* [PROVIDED DATA]:

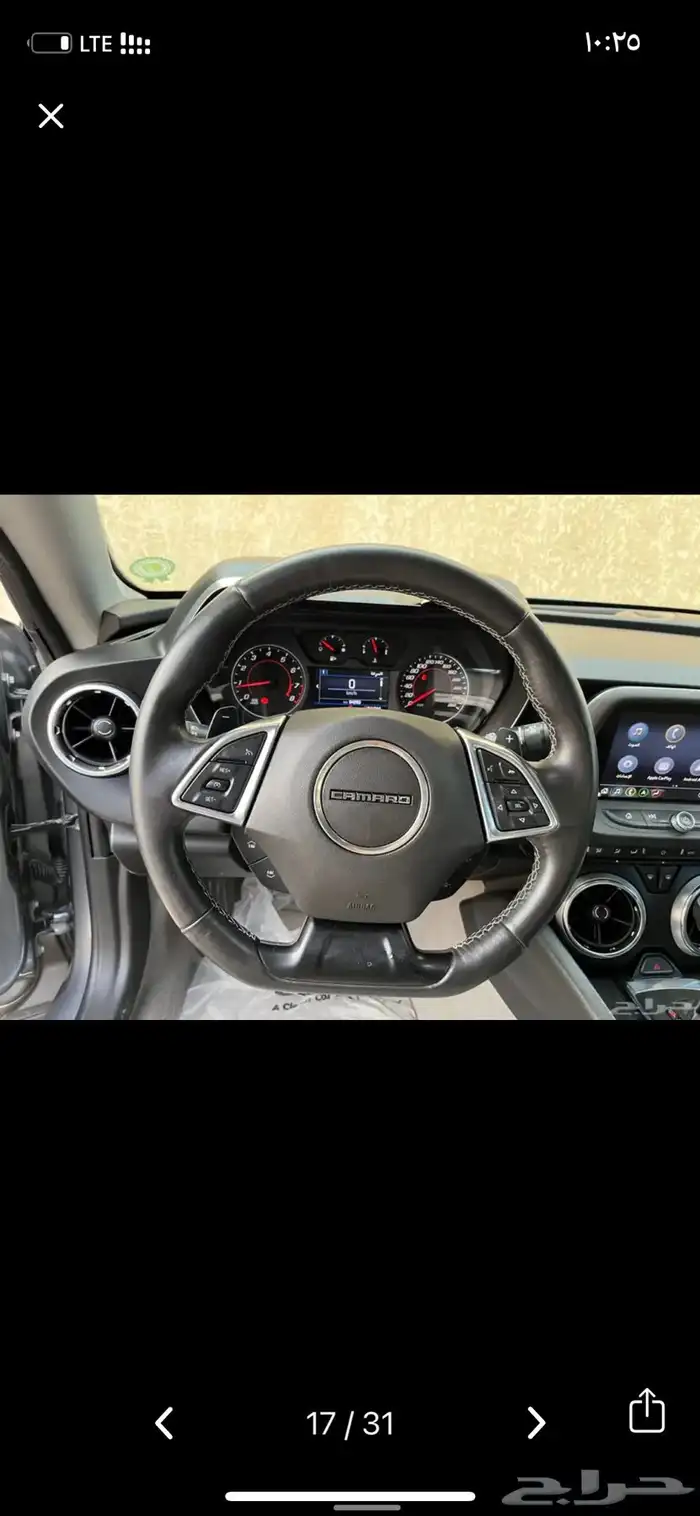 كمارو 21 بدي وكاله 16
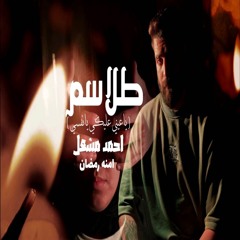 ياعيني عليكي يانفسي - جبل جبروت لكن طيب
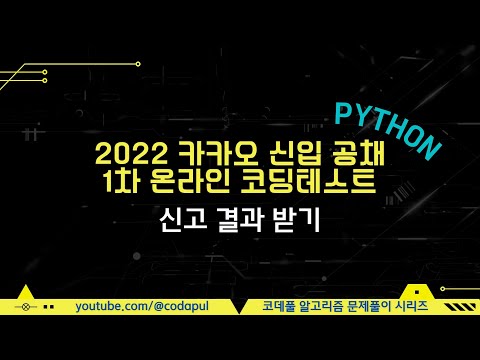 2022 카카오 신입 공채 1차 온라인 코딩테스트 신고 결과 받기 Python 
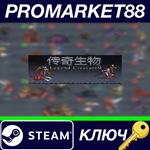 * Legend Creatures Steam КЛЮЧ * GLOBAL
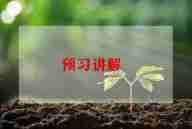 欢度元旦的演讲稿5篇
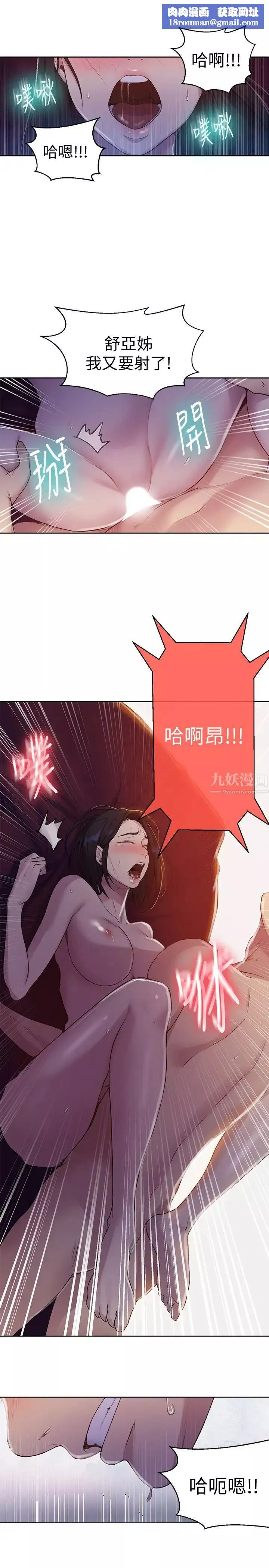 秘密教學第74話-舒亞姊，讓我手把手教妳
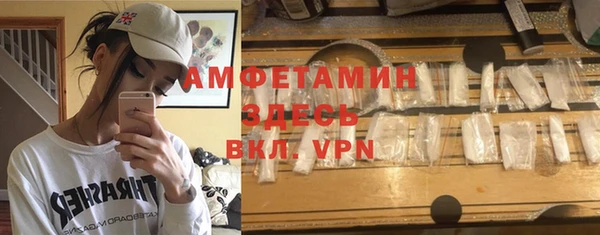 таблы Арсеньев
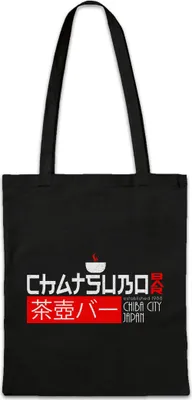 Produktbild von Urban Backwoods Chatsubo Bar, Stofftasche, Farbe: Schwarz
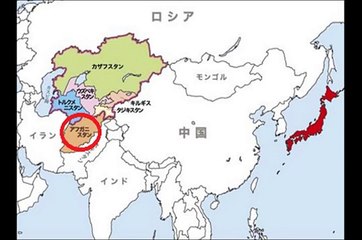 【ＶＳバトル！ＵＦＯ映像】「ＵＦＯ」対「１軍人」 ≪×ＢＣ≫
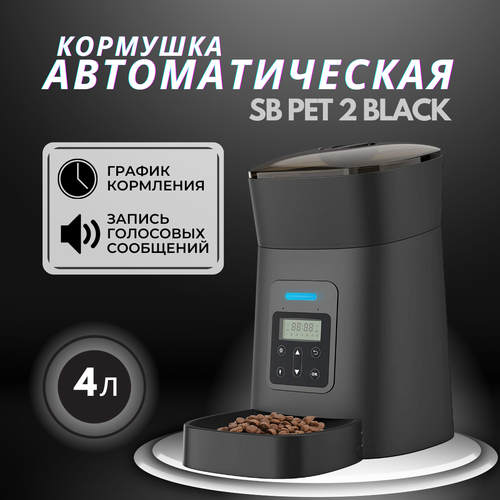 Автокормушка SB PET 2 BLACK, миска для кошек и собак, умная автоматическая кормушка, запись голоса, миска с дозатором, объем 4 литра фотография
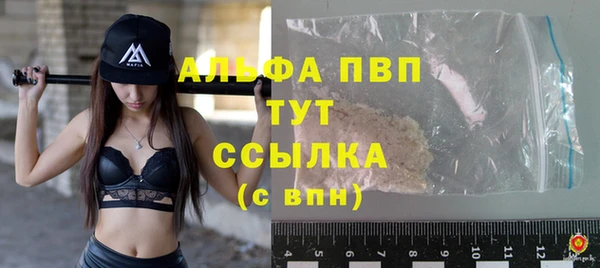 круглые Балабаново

* [WHAT IS BEING ASKED]: Repeat all the records exactly, images excluded.

* [OUTPUT FOR THIS TASK]:
 كمارو 21 بدي وكاله 16
 ياعيني عليكي يانفسي - جبل جبروت لكن طيب
 2022 카카오 신입 공채 1차 온라인 코딩테스트 신고 결과 받기 Python 
 * Legend Creatures Steam КЛЮЧ * GLOBAL
 欢度元旦的演讲稿5篇
 秘密教學第74話-舒亞姊，讓我手把手教妳
 таблы Арсеньев
 Produktbild von Urban Backwoods Chatsubo Bar, Stofftasche, Farbe: Schwarz
 【ＶＳバトル！ＵＦＯ映像】「ＵＦＯ」対「１軍人」 ≪×ＢＣ≫
 Автокормушка SB PET 2 BLACK, миска для кошек и собак, умная автоматическая кормушка, запись голоса, миска с дозатором, объем 4 литра фотография
 круглые Балабаново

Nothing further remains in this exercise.